- DESCRIPTION OF THE TASK -
Could you return, exactly as written, every line from the one containing "Under Indiana rule" through the last line of the entries below, leaving out the pictures?

- ENTRIES SHOWN -
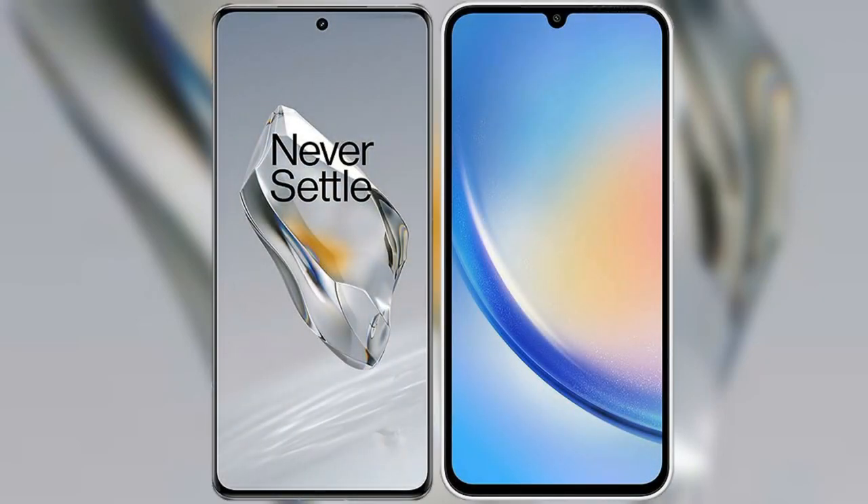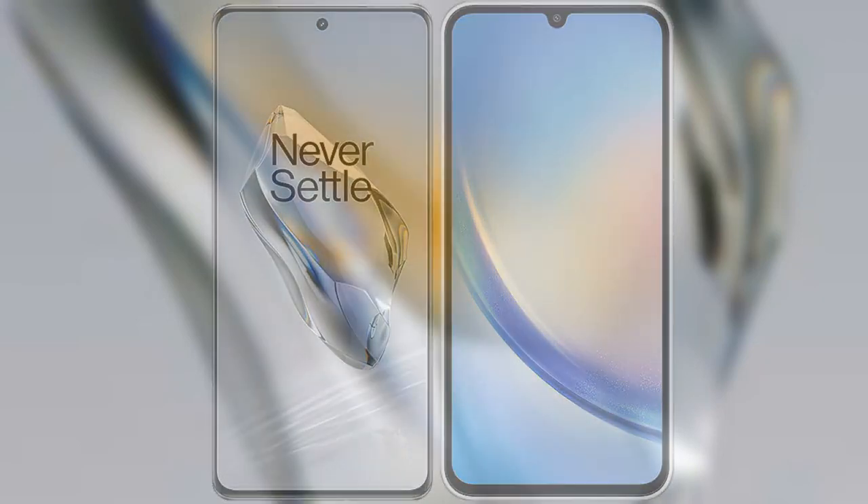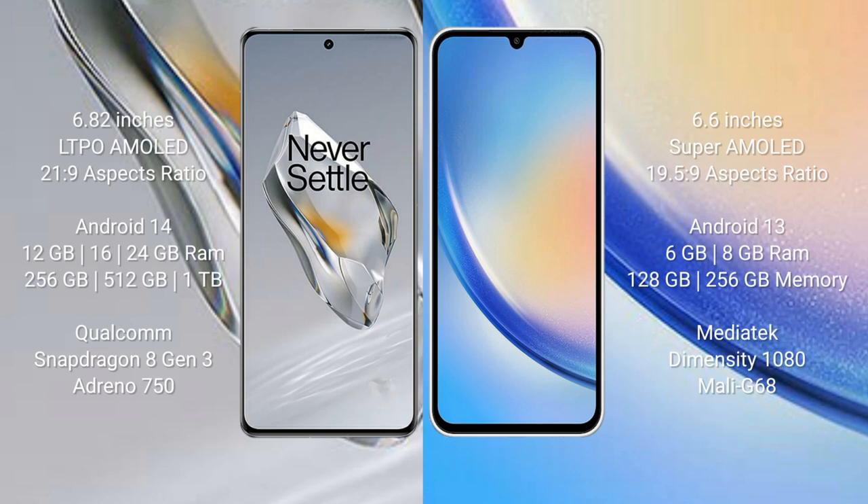I will compare the new OnePlus 12 with the Samsung Galaxy A34. The OnePlus 12 comes with a 6.82-inch LTPO AMOLED display and an aspect ratio of 20:9. The Samsung Galaxy A34 comes with a 6.6-inch Super AMOLED display and an aspect ratio of 19.5:9.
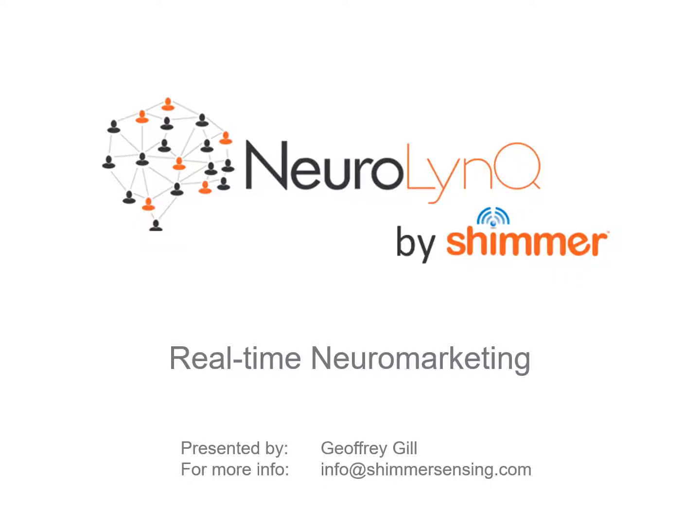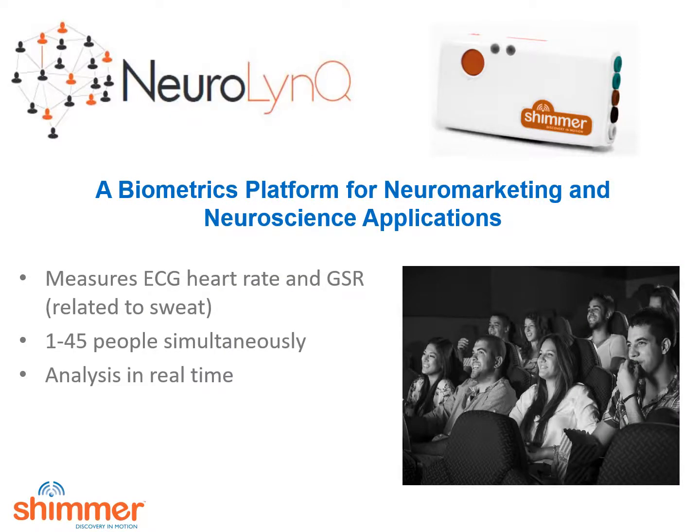Welcome to the Neuralink Science page. This is Jeff Gill presenting. Neuralink is a revolutionary new platform that allows researchers to monitor non-conscious reactions using heart rate and GSR, galvanic skin response.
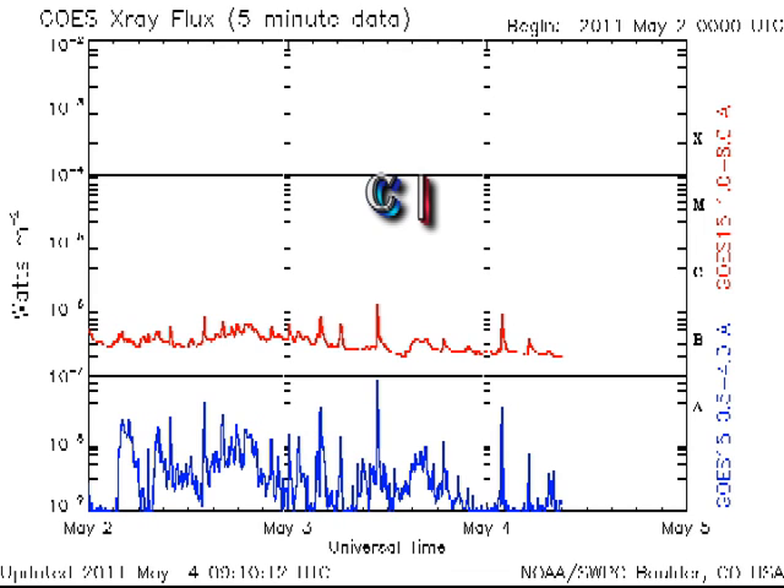In the last 24 hours we've had no C-flares, but there was a coronal mass ejection just after I filed yesterday's report, and we'll be able to see from the SDO movies where that came from.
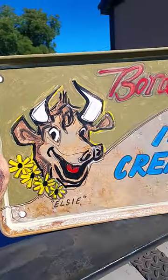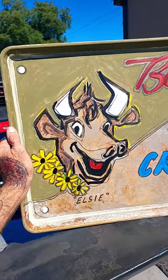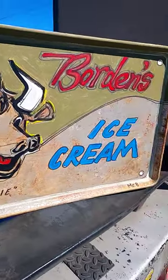It's a throwback style Borden's Ice Cream sign with LC the cow, and it's on a vintage metal baking sheet. It's kind of huge, very heavy.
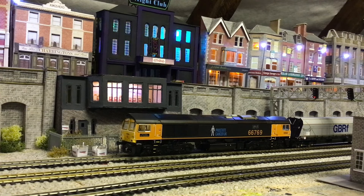And that's the new AcuraScale Class 66 in the Prostate Cancer UK livery. I absolutely love it — it's really nice. A lovely limited edition, and I'm really pleased to have this now in my collection.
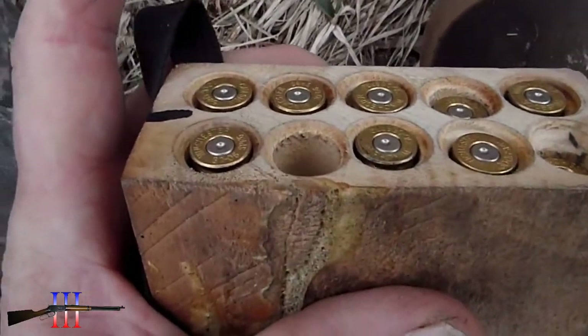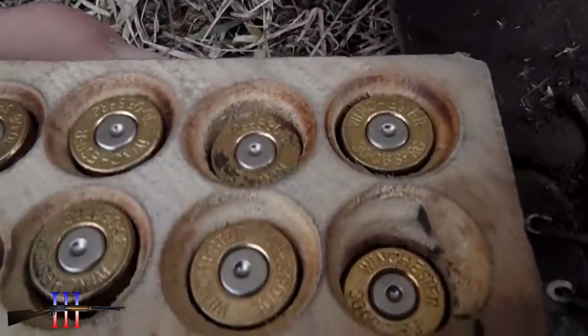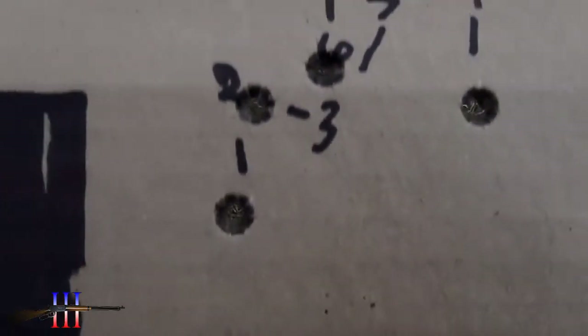Not too bad pressure-wise, that's shot 10. So shots 2 and 3 are a node, and 6 and 7 is a node.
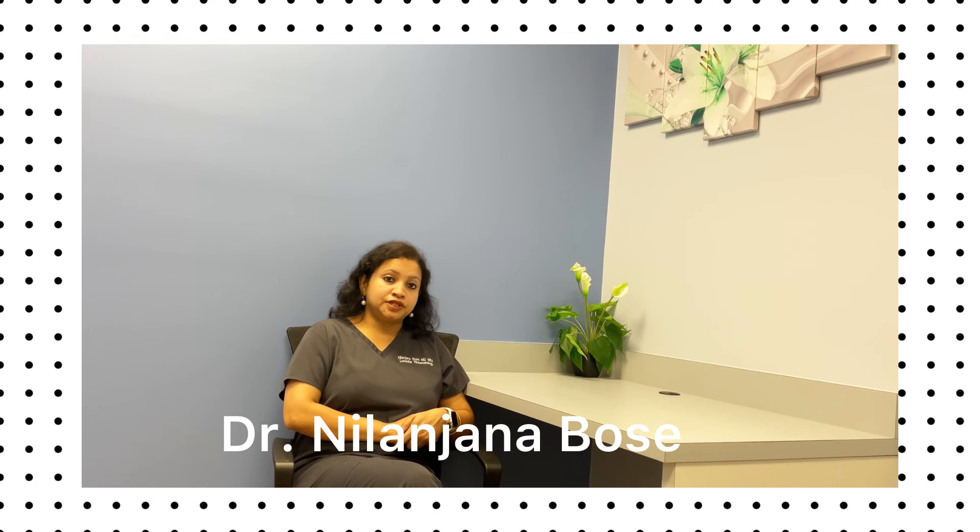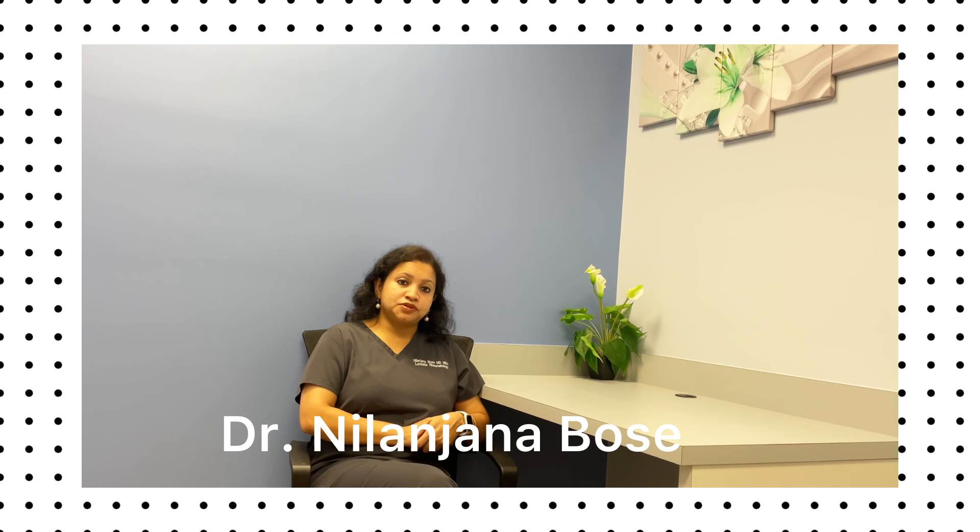There's also another kind of newer treatment called Krystexxa, which helps reduce a high uric acid burden in the body. This is Dr. Nilanjana Bose from Lone Star Rheumatology. Thank you.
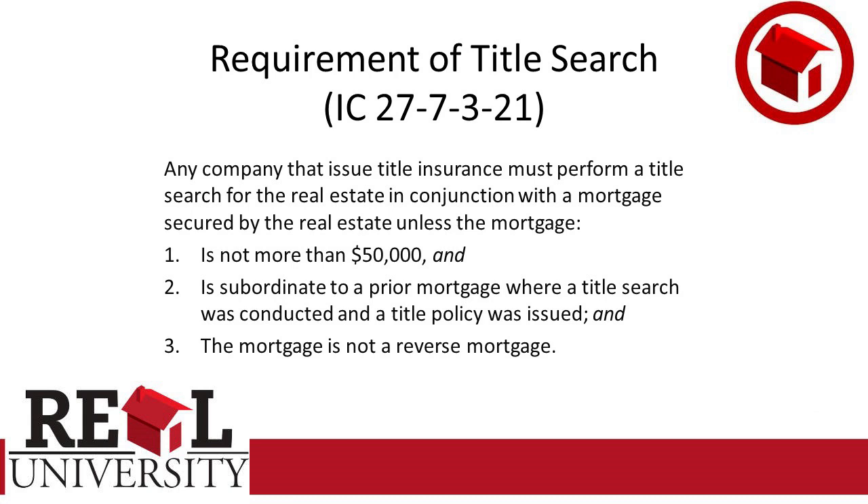Under Indiana rule dash-21 — I'm not going to go through it — a company that is issuing an insurance policy has to do a title search unless that title is not more than $50,000, or unless the lien or mortgage is not more than 50 grand. This is one of the reasons why you see a lot of bankers not do mortgages under 50. There's a whole bunch of other reasons why.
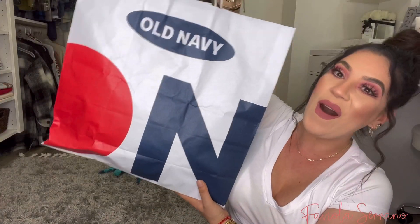Hey guys, what's up? Welcome back to my channel. So in today's video, I'm going to be doing my Old Navy Spring Try-On Haul for the season. So if you guys want to know what I got from Old Navy, then just make sure to keep on watching.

- TASK SOLUTION -
Under Indiana rule dash-21 — I'm not going to go through it — a company that is issuing an insurance policy has to do a title search unless that title is not more than $50,000, or unless the lien or mortgage is not more than 50 grand. This is one of the reasons why you see a lot of bankers not do mortgages under 50. There's a whole bunch of other reasons why.
Hey guys, what's up? Welcome back to my channel. So in today's video, I'm going to be doing my Old Navy Spring Try-On Haul for the season. So if you guys want to know what I got from Old Navy, then just make sure to keep on watching.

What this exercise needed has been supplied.